I’ve known the wind by water banks to shake
The late leaves down, which frozen where they fell
And held in ice as dancers in a spell
Fluttered all winter long into a lake;
Graved on the dark in gestures of descent,
They seemed their own most perfect monument.
There was perfection in the death of ferns
Which laid their fragile cheeks against the stone
A million years. Great mammoths overthrown
Composedly have made their long sojourns,
Like palaces of patience, in the gray
And changeless lands of ice. And at Pompeii
The little dog lay curled and did not rise
But slept the deeper as the ashes rose
And found the people incomplete, and froze
The random hands, the loose unready eyes
Of men expecting yet another sun
To do the shapely thing they had not done.
These sudden ends of time must give us pause.
We fray into the future, rarely wrought
Save in the tapestries of afterthought.
More time, more time. Barrages of applause
Come muffled from a buried radio.
The New-year bells are wrangling with the snow.

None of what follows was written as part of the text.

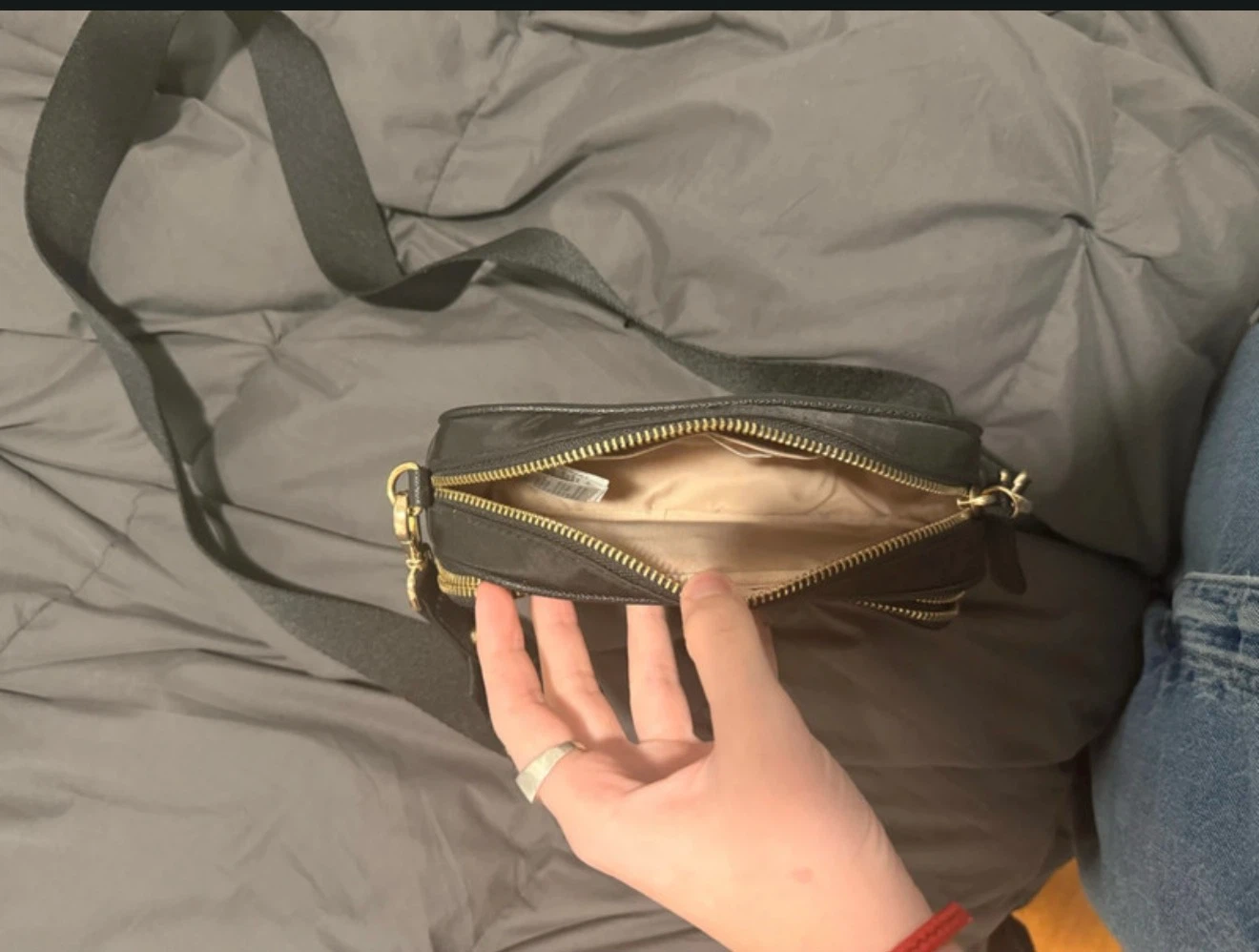 Black Nylon Crossbody Bag - photo 3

Here’s an article that decries the modern celebration of New Years; Ivan has a peculiar style in his writing: he has excellent diction. If you try to read it as a smug group of observations rather than coming from the gingivitis’d mouth of a vindictive street corner preacher, then you might enjoy it better (thus having distanced yourself properly from the accusations it tenders).

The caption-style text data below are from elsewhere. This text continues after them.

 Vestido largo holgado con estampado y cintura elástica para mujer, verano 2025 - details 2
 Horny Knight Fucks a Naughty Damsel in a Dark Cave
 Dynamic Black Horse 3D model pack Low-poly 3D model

Here’s the link to the article itself.
Here’s a juicy except that might pique your interest.
Simon Winchester complains the typical New Year’s celebration has reduced to little more than an excuse for unrestrained drunkenness and revelry. He lays blame for this woeful development partly on the example of the Scottish who have long treated the occasion as an opportunity for drinking themselves into a state of “catatonic incapacity”. Also, some culpability lies with the creation and popularization of modern public clocks that have allowed us to meticulously track and therefore exaggerate and fetishize the grand drama of the exact moment. The combination of chronological exactitude and Scottish bacchanalia gives us the now generally expected annual ritual of “midnight debauchery”.
post script: To Dave Chuck: Thank God the Ball dropped on New Years.